Les années 1960 sont essentielles dans l’élaboration de son style. Alors même que les avant-gardes s’orientent vers des pratiques artistiques axées sur le concept, l’attitude ou l’action (Nouveau Réalisme, pop art, art conceptuel), elle persiste avec originalité et singularité dans la création de sculptures en ronde-bosse fondues en bronze. D’abord figuratives, formées d’objets trouvés et assemblés, représentant des corps hybrides évoquant des végétaux ou des insectes, les œuvres de la fin des années 1950 et du début des années 1960 évoquent celles de Germaine Richier ou d’Alberto Giacometti. Chase-Riboud passe progressivement à l’abstraction, associant une technique originale de sculptures en cire coulées ensuite directement en bronze, puis associées à d’autres matériaux, textiles notamment, comme des cordes de soie ou de laines. Son travail va puiser à des références extrêmement variées, de l’abstraction moderniste à la sculpture classique, en passant par l’art textile, le baroque et la statuaire vernaculaire africaine ou océanienne. Entre totems, fétiches et monuments, ces étranges figures sans visages proposent des intrications de matières, créant des jeux subtils de réflexion, d’opacité et de densité chromatique. Ces grandes sculptures abstraites, souvent monumentales, sont chargées d’enjeux sociaux et politiques qui résident discrètement dans les plis de la matière. Héritière d’une histoire tragique de la diaspora africaine, de la traite esclavagiste trans-atlantique aux luttes pour les droits civiques aux USA, elle en glisse des indices sublimés par la forme.
Barbara Chase-Riboud est également poétesse et écrivaine. Son premier roman, La Virginienne (1979) a pour sujet la relation amoureuse entre le président des Etats-Unis Thomas Jefferson et Sally Hemings, une ancienne esclave métisse. Elle a publié une dizaine de romans et recueils de poésie. Son œuvre poétique et romanesque interroge l’histoire des rapports entre occidentaux, africains et américains et exalte le destin de figures en lutte pour leur liberté. Ses romans ont reçu de nombreux prix, dont le prix Janet Heidinger Kafka.
Depuis 1970, une partie des grandes stèles abstraites qu’elle compose sont titrées en hommage à Malcolm X. Une exposition rétrospective leur a été consacrée à Philadelphie (Philadelphia Museum of Art) et à Berkeley (Berkeley Art Museum) en 2013 et 2014, témoignant de la persistance de cet engagement. En 1998, elle remporte le concours pour la réalisation d’une œuvre en hommage au Cimetière Africain de New York (Broadway). Elle crée la sculpture monumentale Africa Rising, revenant exceptionnellement à la figuration, qui représente, sur un piédestal, une femme africaine qui semble prendre son envol. Cette figure de liberté incarne l’esprit qui anime l’œuvre et la vie de Barbara Chase-Riboud.
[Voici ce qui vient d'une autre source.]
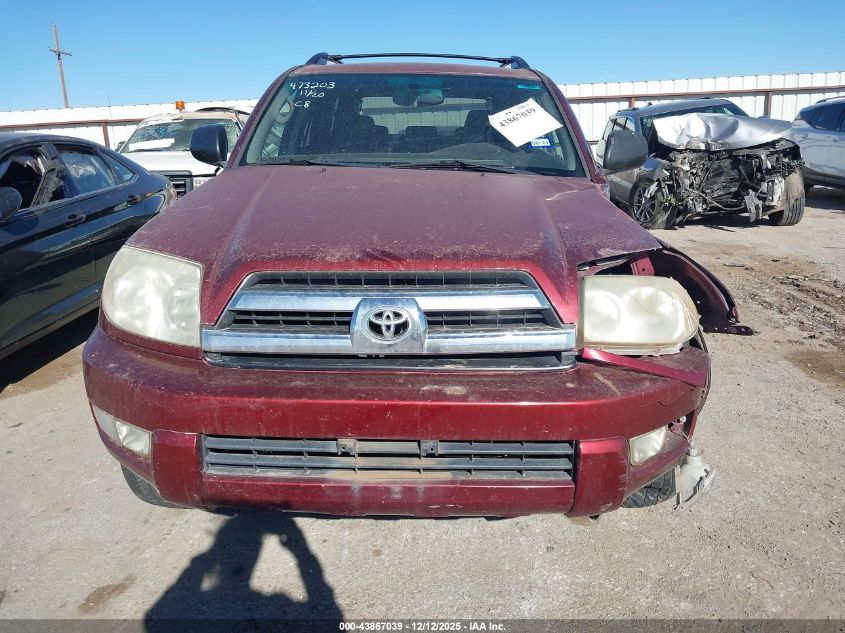 2005 Toyota 4Runner Sr5 V6 VIN: JTEZU14R158035466 Lot: 43867039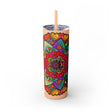 Colorful Mandala Skinny Tumbler - 20oz Mug - Blululi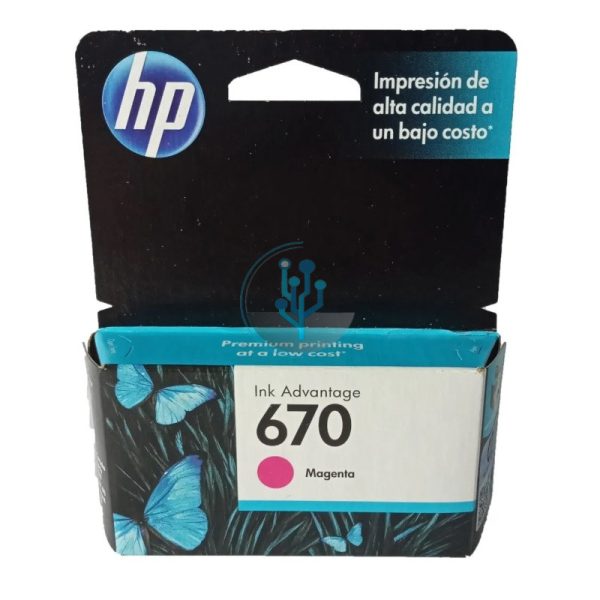 Tinta HP CZ115AL (670) Magenta Deskjet 5525 300 Páginas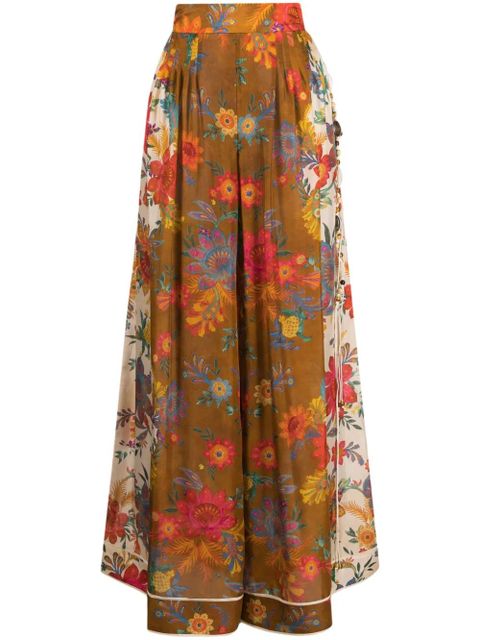 ZIMMERMANN Ginger Relaxed silk trousers - Neutrals - zdjęcie produktu nr 1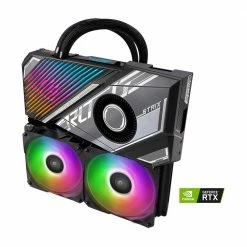 ASUS NVIDIA GeForce RTX 3090 Ti ROG Strix LC Overclocked Liquid Cooled 24GB GDDR6X PCIe 4.0 Graphics Card -Intel core Shop 648269 389213 05 front zoom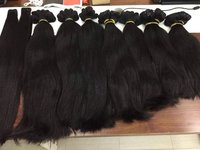 Unprocessed Machine Weft Human Hair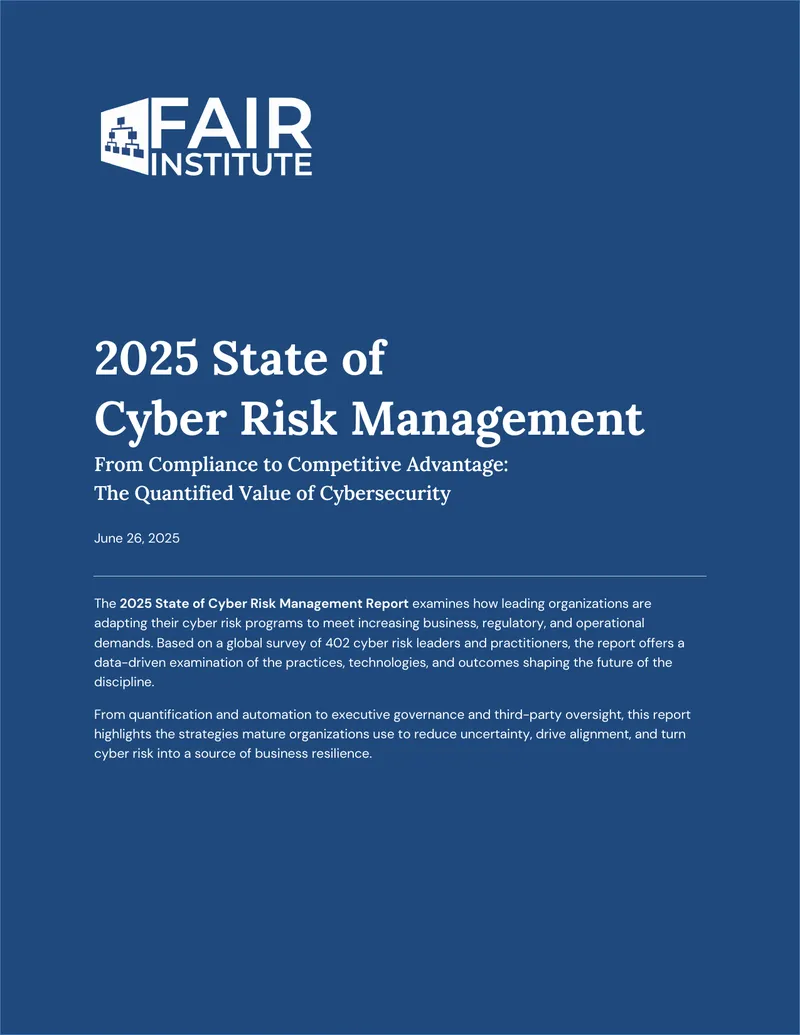 2025 State of Cyber Risk Management Report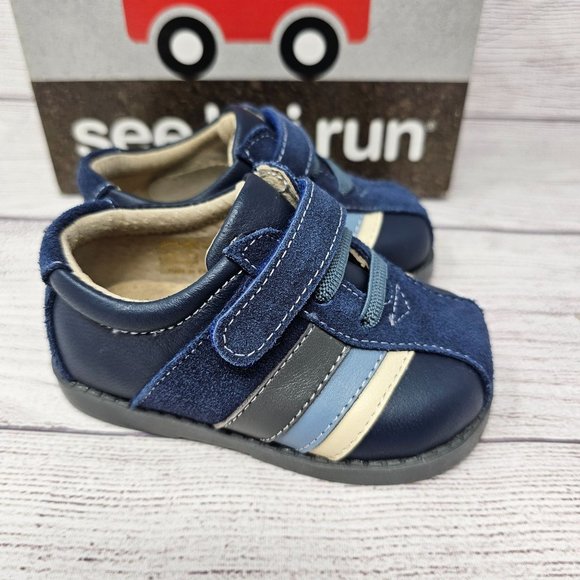 NEW!! See Kai Run Baby Boy Park Trainer‎ Size 4 - Picture 1 of 12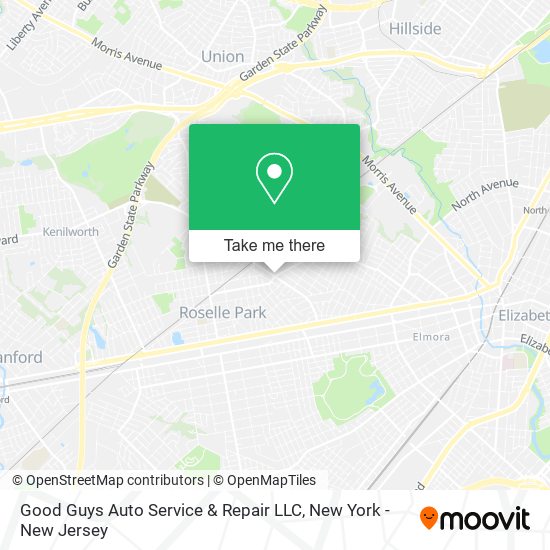 Mapa de Good Guys Auto Service & Repair LLC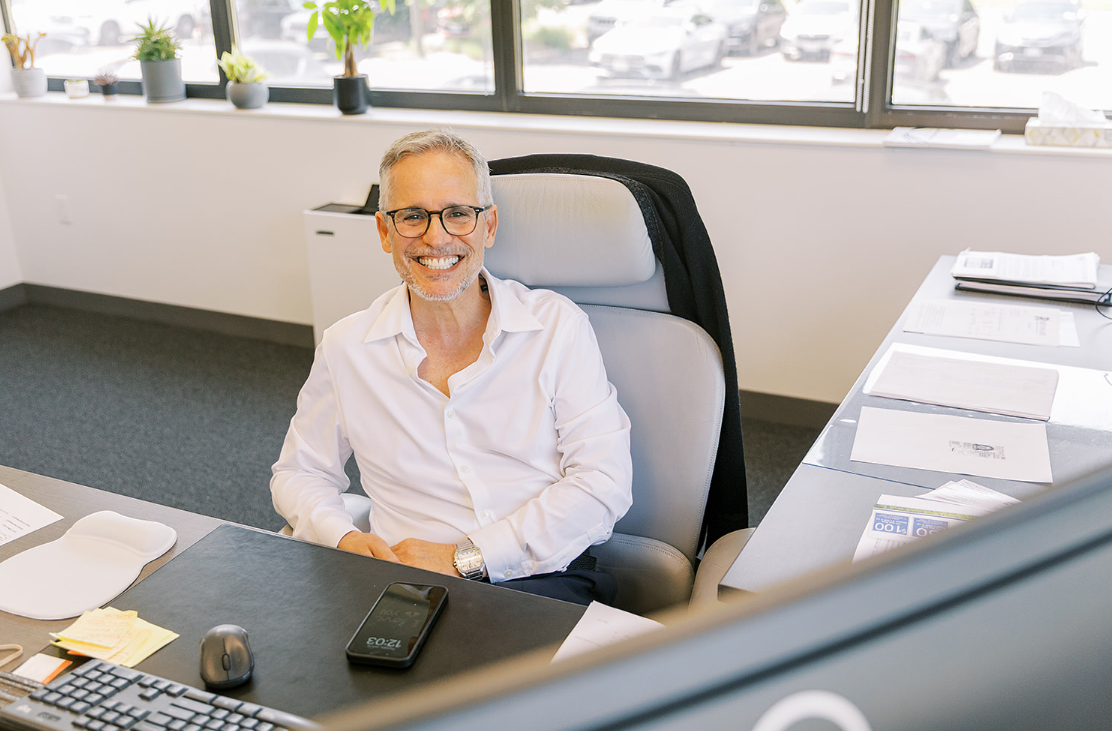 Ira at desk
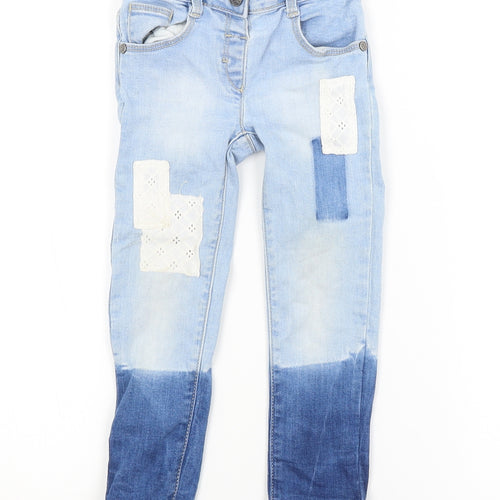 Nutmeg Girls Blue   Straight Jeans Size 2-3 Years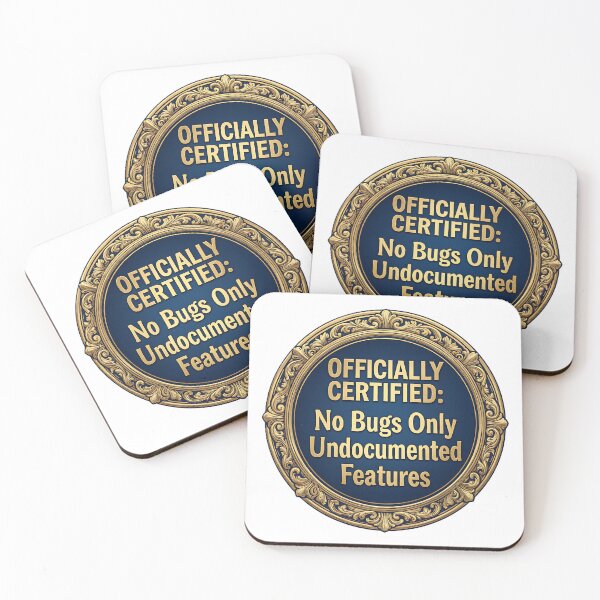 Item preview, Certificate Undocumented Features Programmer Gift designed and sold by eikulabs.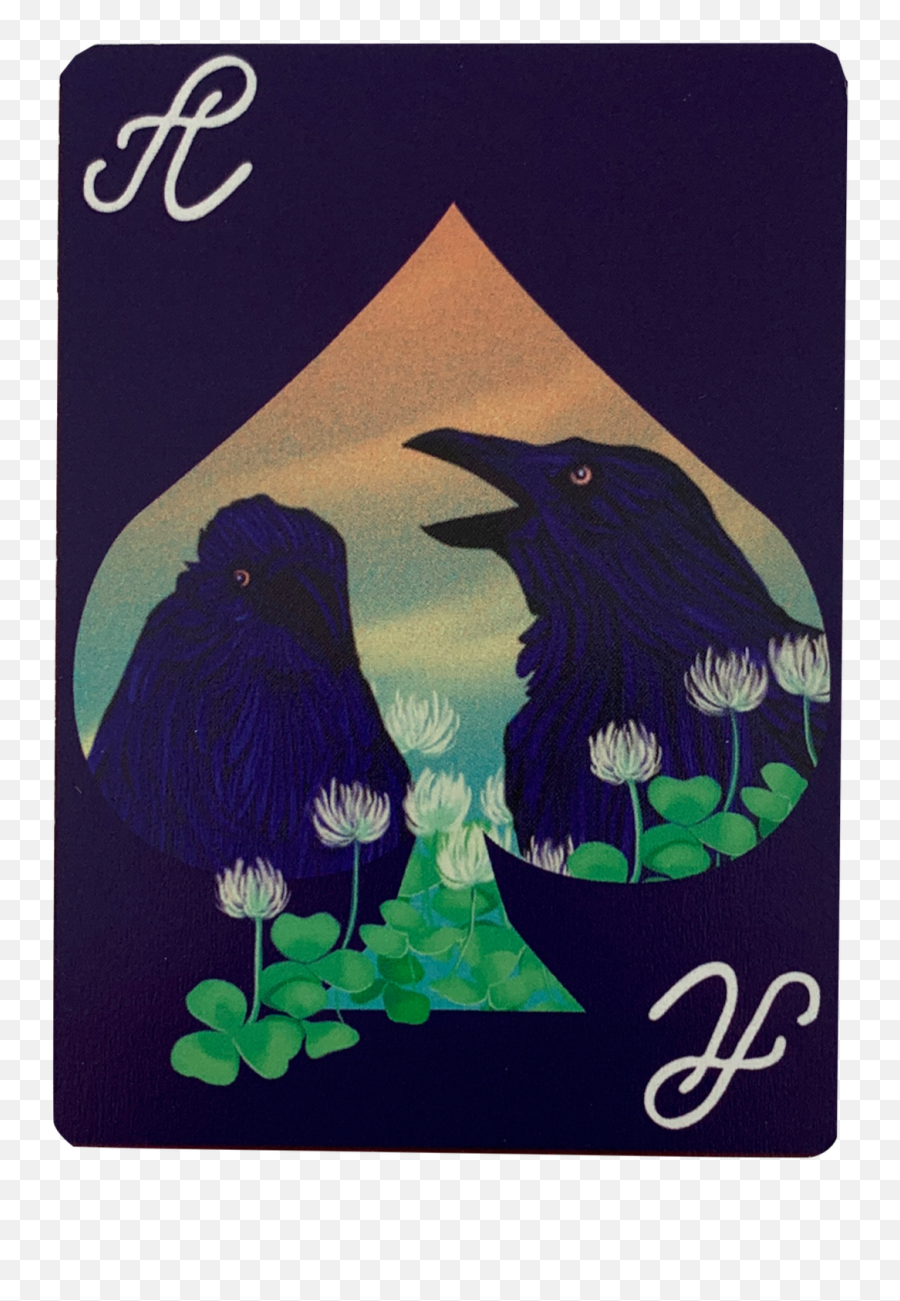 Lost River A Deck For Divination And Play U2013 Killerpancake - Fish Crow Emoji,Birds Emotions Crow Funerals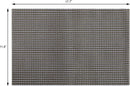 New Star Foodservice 28195 Crossweave Woven Vinyl Placemats, Set of 4, Electrum Silver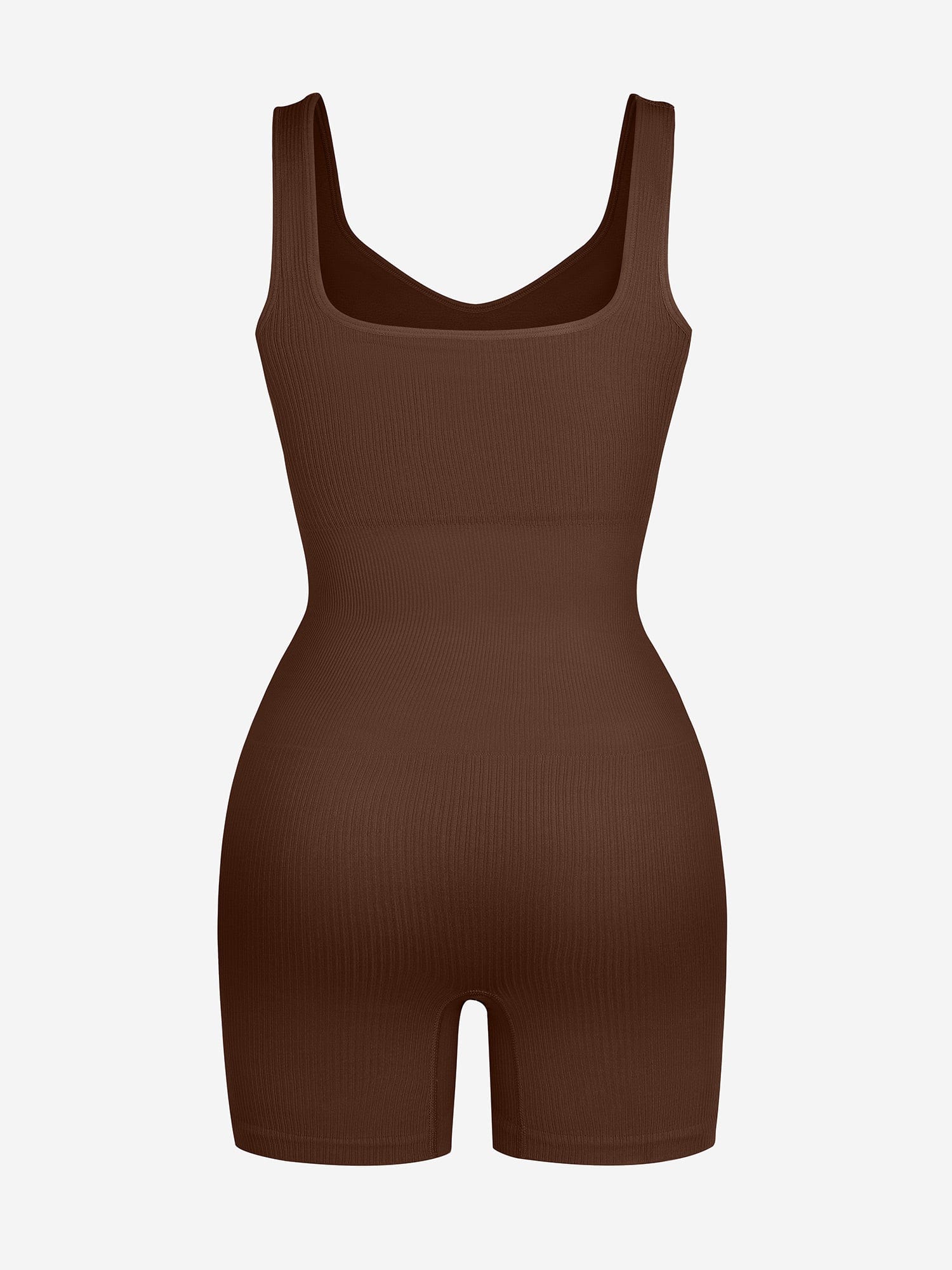 Eco-friendly🌿 Seamless Ribbed V-Neck Shapewear Romper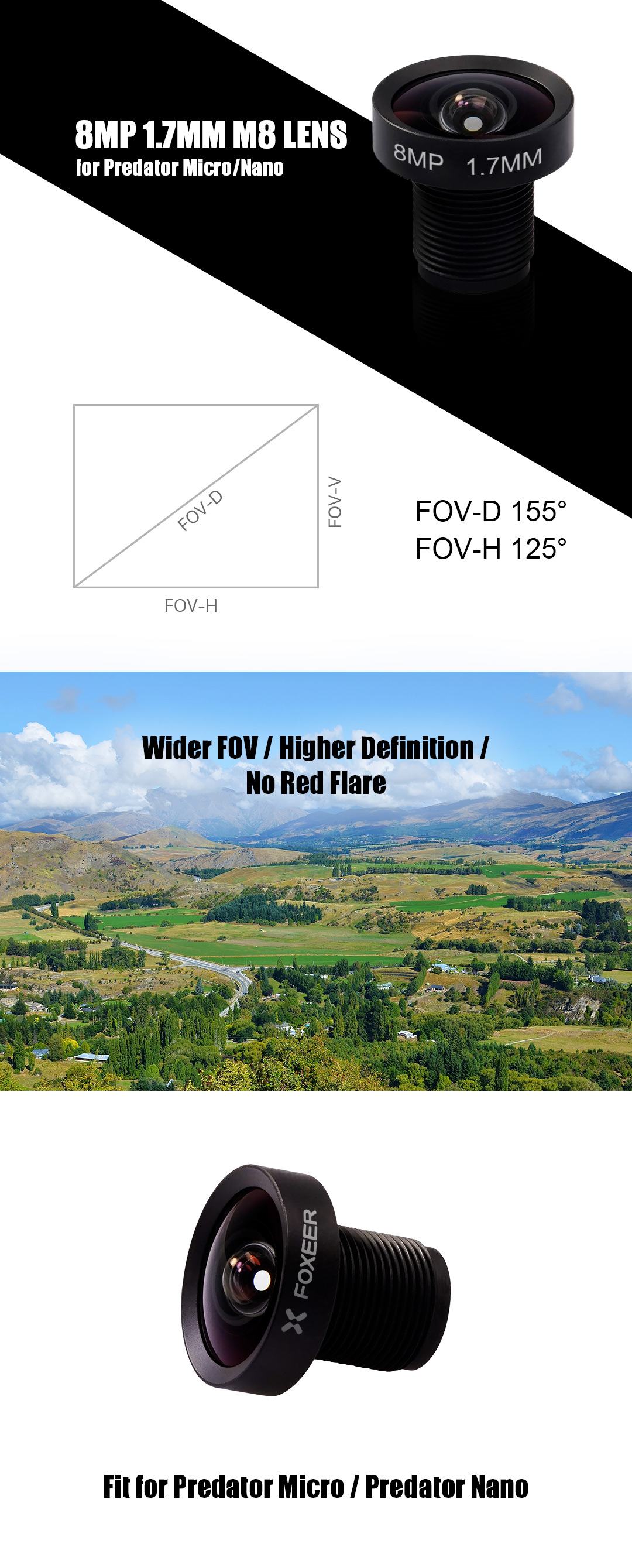 �˾���ũ  [Foxeer] ���þ� ����ũ�� M8 1.7mm ���� (�������� ����ũ��/�����) 1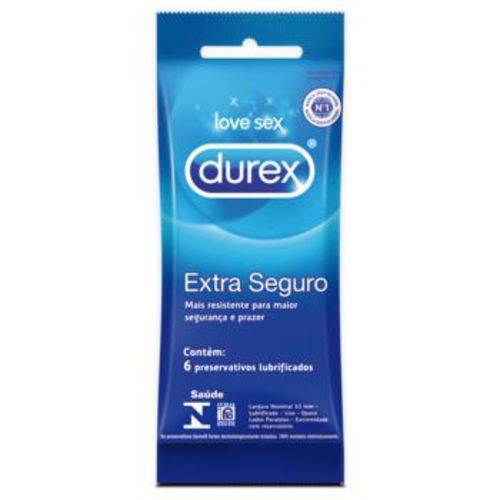 Preservativo Durex Extraseguro 6 Unidades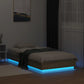 Bed Frame with LED Lights Sonoma Oak 90x190 cm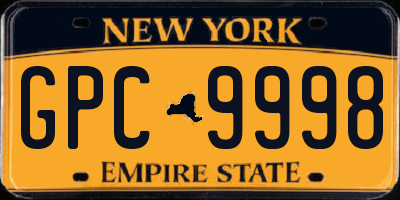 NY license plate GPC9998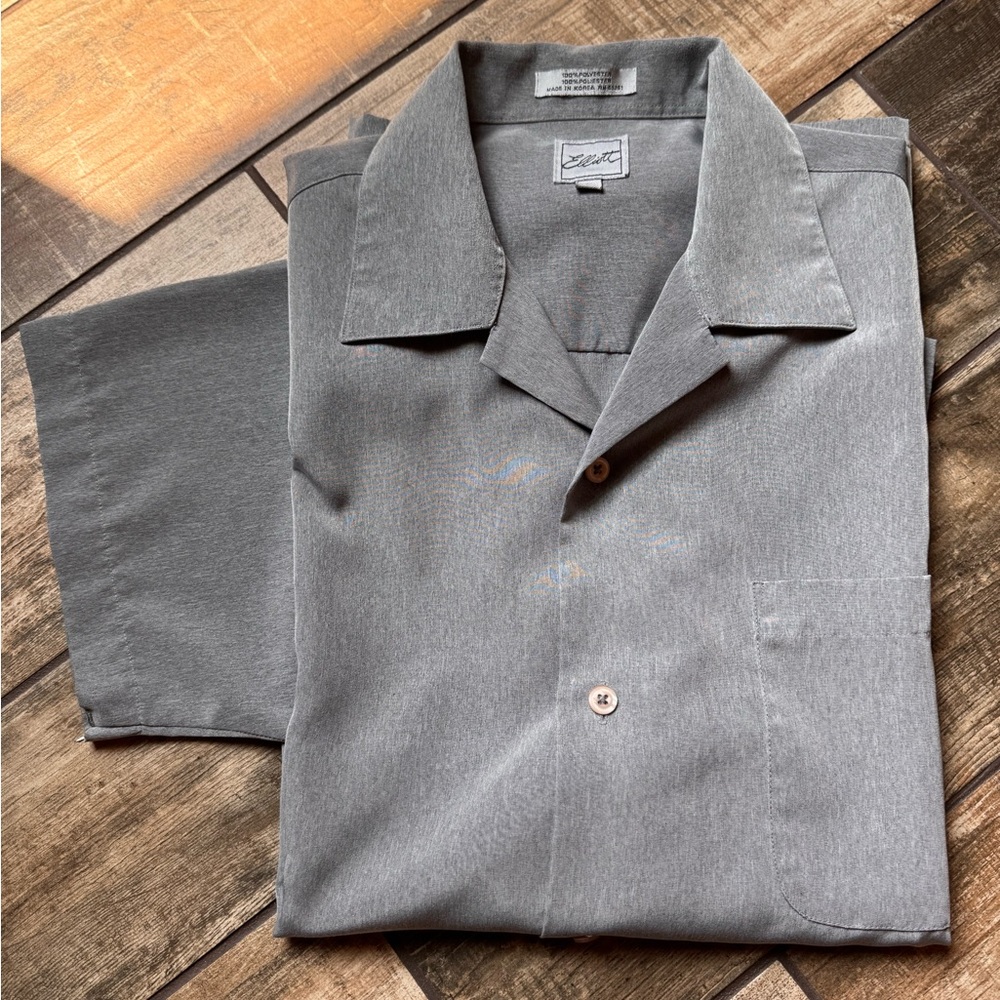 Stylish Gray Button-Down Shirt for Men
Les œuvres de Barbara Chase-Riboud figurent dans les collections du Berkeley Art Museum (Californie), du Metropolitan Museum (New York), du Museum of Modern Art (New York), du Newark Museum (New Jersey), du New Orleans Museum of Art (Louisiane), du New York Historical Society Museum (New York), du Philadelphia Museum of Art (Pennsylvanie), du Smithsonian African American Museum (Washington D.C.), Studio Museum à Harlem (New York), et au CNAP (France). Plusieurs expositions internationales de l’œuvre de Barbara Chase-Riboud sont en préparation. L’Institut Giacometti (Paris) accueillera du 20 octobre 2021 au 9 janvier 2022 une exposition consacrée à son œuvre, en dialogue avec l’œuvre d’Alberto Giacometti.